Хлеб ломал рыбакам, рыбаки брали <хлеб такими> руками, которые десятки лет таскали бечевочную сеть, но изображе<ны эти руки> ради искусства (да искусство ли еще) ложно.
А благодаря неприятию прост<ых> слов и закрыто все настоящее, и <так> приправлено под разными соусами своих окрасок, что <ни> истинного Христа, ни его рыбаков, ни самой церкви не видим.
И те, кто стремится возродить церковь и Христа, должны очистить <от> этого хлама всё, должны содрать все крышки с Евангелия как мусор и оставить грубо слово простое, чистое как зерно.
Вымыть Христа и <рыбаков от> грима5.
Ломание хлеба было учинено просто руками в силу ли обычая или же это было особенностью Христа (думаю, что ножи были тогда) — Ото было> сделано не очень эстетично, так бы сказали некоторые. Но в самом факте свидетельствуется его простое отношение <к хлебу,> крестьянское.
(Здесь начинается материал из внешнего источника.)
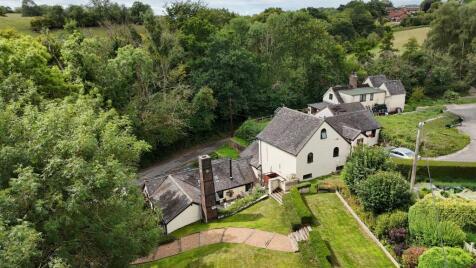 Nicholls Lane, Oulton, ST15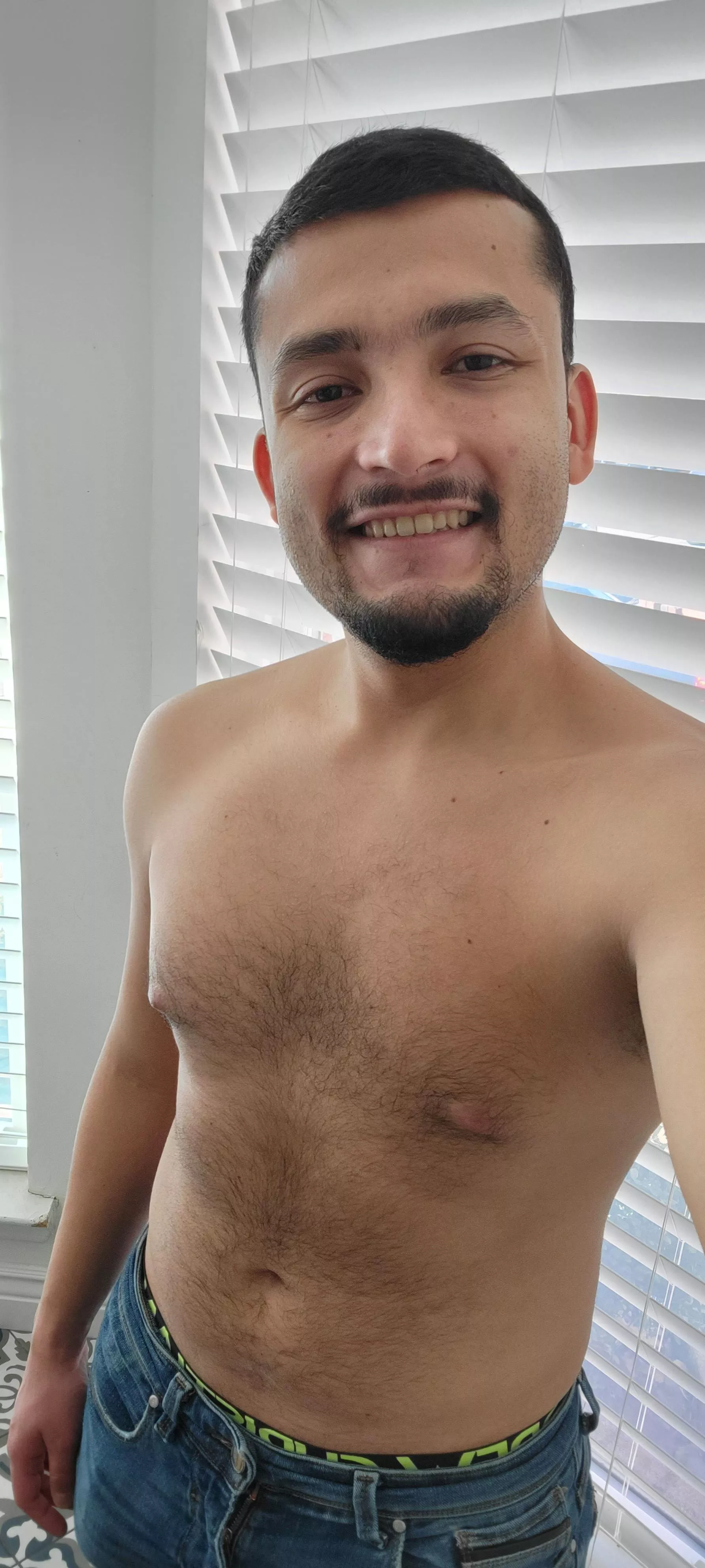 First shirtless 🤳 I post on here, please be nice 🥺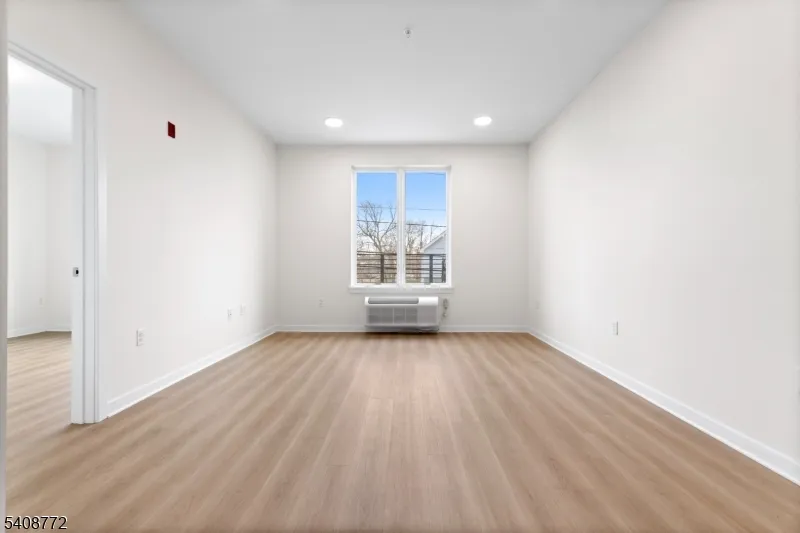 321 E 3rd St #332 Unit 332 Plainfield City, NJ 07060
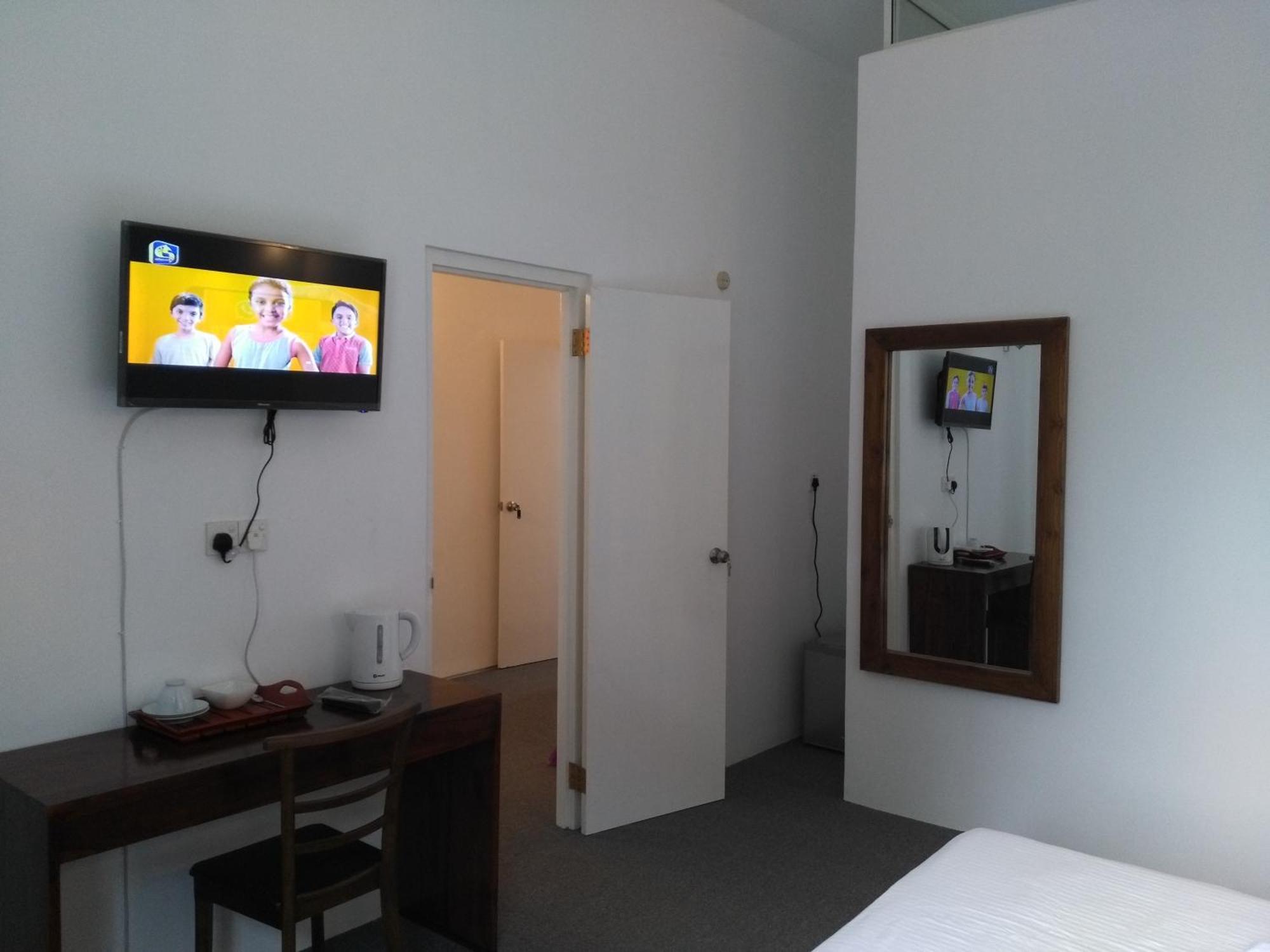 West Inn โคลอมโบ ภายนอก รูปภาพ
<Слв. нрзб.> в память мою, через хлеб приобщались земле и о<б> этом должны помнить и быть ближе <к> земле, быть реальным, ржаным, межою.
Но ломание хлеба в церкви, питье вина — это же ужасная вещь, гадливое что-то, вместо хлеба тело, ужасно пошло, позорно.
Представим себе ясно тот хлеб, который делил Христос, — и хлеб в церкви. Но ведь священники делают эту ужасную операцию едения.
Думая возвеличить Христа, нанесли ему тягчайшее оскорбление, церковь продолжила <обычай> тех плевков и пощечин, которым<и> награжден был Христос народом как местью за выход свой из народа.